Читать «Основы русской филологии. Курс лекций» онлайн - страница 32

Владимир Иванович Аннушкин

Действительно, если оценивать употребление термина язык в данном тексте с позиций современной науки, то фраза «говорить прилично (пристойно)», конечно, относится более к речи, нежели к языку, поскольку касается конкретности употребления языка, а это и есть речь, а перечисленные свойства языка – не что иное, как качества речи.

Заметим, a propos, что определения наук в истории русской филологии даются обычно как раз через «качества речи» (ср. у Михаила Усачева, чью «Риторику» переработал М. В. Ломоносов: грамматика – наука «добре глаголати», т. е. о хорошей и правильной письменной и устной речи, риторика – «наука добре, красно и пристойно глаголати», т. е. добавляются к правильности речи качества украшенности и уместности).

Но поскольку нас в ломоносовском тексте интересуют как раз три термина язык—речь—слово, то посмотрим дальнейший текст. М. В. Ломоносов доказывает верность предыдущего рассуждения обращением к упражнению в «российском слове» (здесь и далее курсив и подчеркивания мои. – В. А.), а говорит об использовании языка в речи:

«Меня долговременное в российском слове упражнение о том совершенно уверяет. Сильное красноречие Цицероново, великолепная Вергилиева важность, Овидиево приятное витийство не теряют своего достоинства на российском языке» [Там же: 392]. Термин слово имеет здесь смысл конкретного употребления языка в тексте. «Упражнения в слове» – это работа над созданием текста, упражнения в речи, работа над языком.

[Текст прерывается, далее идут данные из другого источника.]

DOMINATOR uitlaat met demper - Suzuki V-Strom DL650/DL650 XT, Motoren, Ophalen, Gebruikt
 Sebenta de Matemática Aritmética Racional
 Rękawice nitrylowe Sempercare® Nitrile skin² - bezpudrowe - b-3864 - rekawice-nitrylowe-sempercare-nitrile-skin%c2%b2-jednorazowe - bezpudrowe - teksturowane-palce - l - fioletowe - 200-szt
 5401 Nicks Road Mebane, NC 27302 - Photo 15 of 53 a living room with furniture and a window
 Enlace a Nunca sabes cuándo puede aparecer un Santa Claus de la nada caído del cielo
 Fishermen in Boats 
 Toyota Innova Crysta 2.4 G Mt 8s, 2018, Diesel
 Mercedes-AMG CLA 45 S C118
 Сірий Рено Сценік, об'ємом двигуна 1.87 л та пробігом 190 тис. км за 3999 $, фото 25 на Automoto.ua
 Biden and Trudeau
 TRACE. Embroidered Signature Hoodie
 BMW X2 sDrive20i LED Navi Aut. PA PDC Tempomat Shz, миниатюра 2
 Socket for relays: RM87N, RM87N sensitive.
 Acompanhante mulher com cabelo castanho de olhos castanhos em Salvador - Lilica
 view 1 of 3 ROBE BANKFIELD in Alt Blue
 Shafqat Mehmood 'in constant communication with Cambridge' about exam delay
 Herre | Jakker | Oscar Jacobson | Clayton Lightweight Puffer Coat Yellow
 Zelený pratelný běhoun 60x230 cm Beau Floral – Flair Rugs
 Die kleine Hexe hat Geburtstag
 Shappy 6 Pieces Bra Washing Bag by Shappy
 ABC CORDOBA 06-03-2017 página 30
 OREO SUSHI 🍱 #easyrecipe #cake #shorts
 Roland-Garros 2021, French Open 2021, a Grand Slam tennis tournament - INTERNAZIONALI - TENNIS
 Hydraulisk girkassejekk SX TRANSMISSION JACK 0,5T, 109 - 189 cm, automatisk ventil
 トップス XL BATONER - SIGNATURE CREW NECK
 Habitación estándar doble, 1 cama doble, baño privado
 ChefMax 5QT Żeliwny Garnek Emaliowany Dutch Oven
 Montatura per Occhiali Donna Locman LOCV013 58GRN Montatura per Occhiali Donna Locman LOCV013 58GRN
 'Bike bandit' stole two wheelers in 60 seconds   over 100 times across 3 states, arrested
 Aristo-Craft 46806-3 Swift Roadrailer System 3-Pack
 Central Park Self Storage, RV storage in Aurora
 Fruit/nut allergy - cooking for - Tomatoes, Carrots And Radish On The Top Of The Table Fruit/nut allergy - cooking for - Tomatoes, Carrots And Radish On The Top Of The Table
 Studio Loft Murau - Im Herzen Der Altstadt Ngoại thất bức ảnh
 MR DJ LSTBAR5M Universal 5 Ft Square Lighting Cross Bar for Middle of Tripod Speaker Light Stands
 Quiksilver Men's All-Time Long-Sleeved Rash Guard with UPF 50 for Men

М. В. Ломоносов употребляет слово язык в значении совокупности средств выражения, используемой данным национальным коллективом (народом). Сделано это вполне в соответствии с традицией письменной культуры, показавшей сходство понятий язык и народ. В то же время далее встречается и третий, интересующий нас термин – речь – в значении распространенного текстового образования, которое создается определенными средствами, имеющимися в распоряжении у данного народа:

«Тончайшие философские воображения и рассуждения, многоразличныя естественные свойства и перемены, бывающие в сем видимом строении мира и человеческих обращениях, имеют у нас пристойные и вещь выражающие речи. И ежели чего точно изобразить не можем, то не языку нашему, но недовольному своему в нем искусству приписывать долженствуем» [Там же: 392].

Более всего нас должно заинтересовать дальнейшее: «Кто отчасу далее в нем углубляется, употребляя предводителем общее философское понятие о человеческом слове, тот увидит безмерно широкое поле или, лучше сказать, едва пределы имеющее море. Отражаясь в оное, сколько мог я измерить, сочинил малый сей и общий чертеж сея обширности – Российскую грамматику, главные только правила в себе содержащую» [Там же: 392].

Таким образом, М. В. Ломоносов намечает существование некоей философии слова, основные правила которой изложены в грамматике. Грамматика, по мысли М. В. Ломоносова, является основой для последующих употреблений языка в слове и речи, при этом слово может пониматься и в широком смысле – как «обширное поле» словесно-речевой деятельности человека. Тот факт, что грамматика является основой для последующих действий с языком, которые, собственно, и становятся речью, ясно представлен в последующем рассуждении, когда М. В. Ломоносов обращается к сферам общения или родам наук, существовавшим в XVIII столетии: «Тупа оратория, косноязычна поэзия, неосновательна философия, неприятна история, сомнительна юриспруденция без грамматики. И хотя она от общего употребления языка происходит, однако правилами показывает путь самому употреблению» [Там же: 392].